Les questions d′argent ne sont donc pas escamotées. Elles sont d′autant plus cruciales que plusieurs danseuses ont déjà un ou une enfant, à commencer par Mercedes à laquelle on a retiré la sienne. Cependant, comme la troupe, on craint beaucoup plus pour le club que pour chacune des danseuses, donnant ainsi corps à la solidarité déjà évoquée. Un projet immobilier de casino, porté par André, le filleul du maire, pour le compte d′un entrepreneur blanc, prévoit la disparition du Pynk. Le projet s’est ébruité. Les dettes, accumulées depuis l′époque de la grand-mère, ne peuvent être remboursées. Il ne manque plus pour lâcher les bulldozers, que la signature des propriétaires du terrain, trois fils dont un bâtard, bien évidemment tous blancs et bien évidemment lâches et cupides. Glissons…
Le drame de Mercedes, qui se fait voler ses économies par sa mère décidée à ouvrir sa propre église, trouble cette fresque un peu simpliste. Affleure immanquablement un parallèle entre les transes des évangéliques et l’effervescence du Pynk. Katori Hall laisse les associations d’idées se développer, sans plus.

Si P-Valley relève du récit choral il n’en reste pas moins qu′au centre se tient Autumn Night, alias Hailey, l’astre voilé qui retient tous les personnages dans son orbite. Aussi dramatique soit la vie de Mercedes, aussi futile soit l’ambition de Keyshawn, aussi caricatural soit parfois Uncle Clifford, aussi ambigüe soit la fascination d’André pour Autumn, tous les récits mènent à elle d′une façon ou d′une autre comme si les planètes de cette petite galaxie du delta du Mississipi étaient destinées à se laisser absorber dans le trou noir de son regard.

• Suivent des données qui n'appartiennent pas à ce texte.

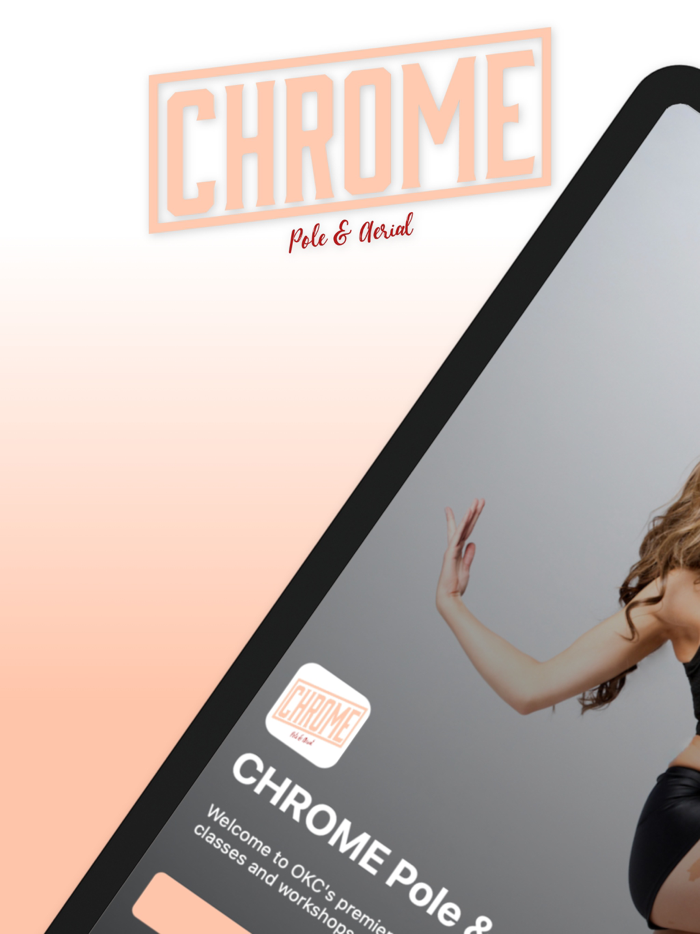 CHROME Pole and Aerial OKC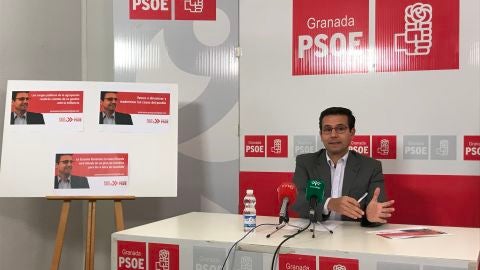 PACO CUENCA presentaci&oacute;n primarias 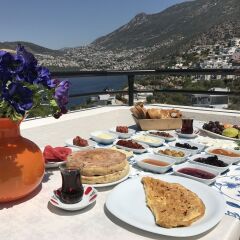 Matiana Hotel Патара балкон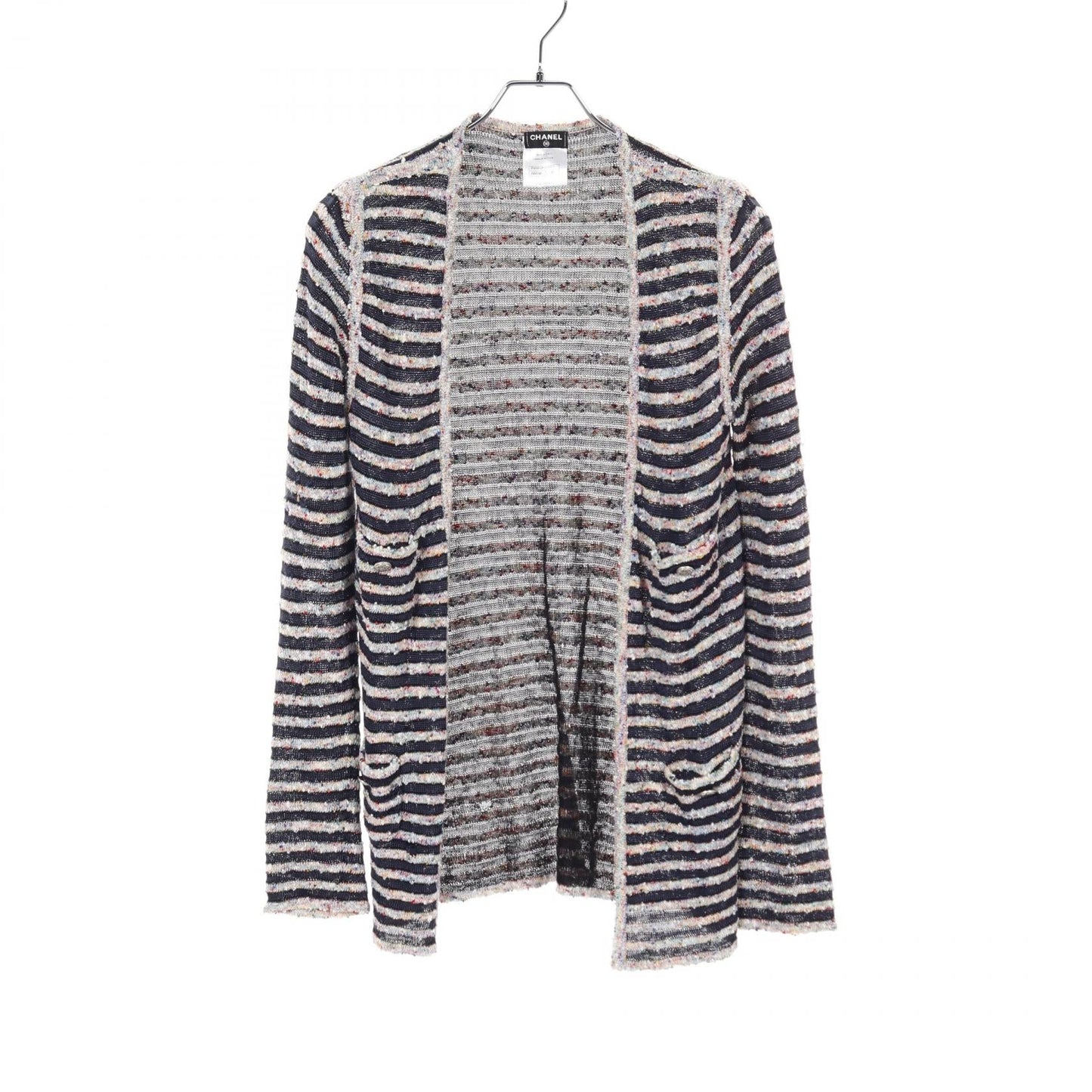 Chanel Cardigan Rayon Cotton Cardigan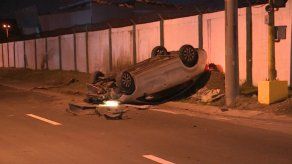 Varios delincuentes capturados por robo de autos Varios delincuentes capturados por robo de autos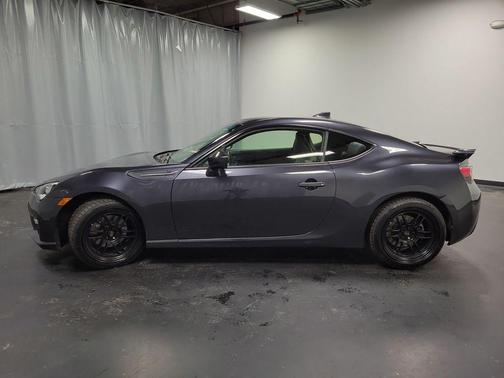 2016 Subaru BRZ Limited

D’elle, on ne connait que deux ou trois détails glanés au fil des circonstances et de ses confidences à André : elle vient d′une région qui a été inondée, elle a eu une fille qui est décédée et a vécu une relation abusive avec un homme, probablement l′inconnu que l′on ne distingue que de dos, très épisodiquement. Elle vit dans le plus grand dénuement mais effectue de très gros virements et retraits en banque à cadence soutenue sous divers noms d′emprunts. Peu douée pour la barre, elle se contente d′exhiber ses courbes envoûtantes, bref, tout le long de la saison, Autumn Night promène son mystère avec une rare élégance.
C′est un pari audacieux que de faire tenir un récit, choral ou non, sur un manque, un creux. Le personnage de la femme fatale a été mythifié par le film noir, mais c’était il y a presque un siècle. N’est-ce pas aussi le cas de tous ceux que l’on vient de citer ? On a déjà rencontré bien des Mère Courage comme Mercedes, des travestis au grand coeur comme Uncle Clifford, des midinettes comme Keyshawn, des naïfs sentimentaux comme André. Fermons les yeux et transposons-les n’importe quand, au XIXème comme au XXème siècle, il n’y aurait que le vocabulaire à adapter, les caractères resteraient les mêmes. Ce ne sont pas des personnages nouveaux. Pour faire un personnage nouveau, il faut une nouvelle idée de la fonction du personnage. C’est peut-être paradoxalement ce qui les sauve et, par bonheur, déroute le projet politique de P-Valley.

Notes :
1 – Dans la langue des indiens Choctaw, Chucalissa signifie « maison abandonnée » et il existe bien au Tennesse un lieu dédié à la culture indienne portant ce nom, mais pas de ville.
2 – lire ici

P-Valley est un feuilleton créé par Katori Hall et diffusé en 2020 sur HBO. Il interprété notamment par : Brandee Evans, Nicco Annan, Shannon Thornton, Elarica Johnson, Skyler Joy, J. Alphonse Nicholson, Parker Sawyers, Harriett D. Foy, Tyler Lepley, and Dan J. Johnson.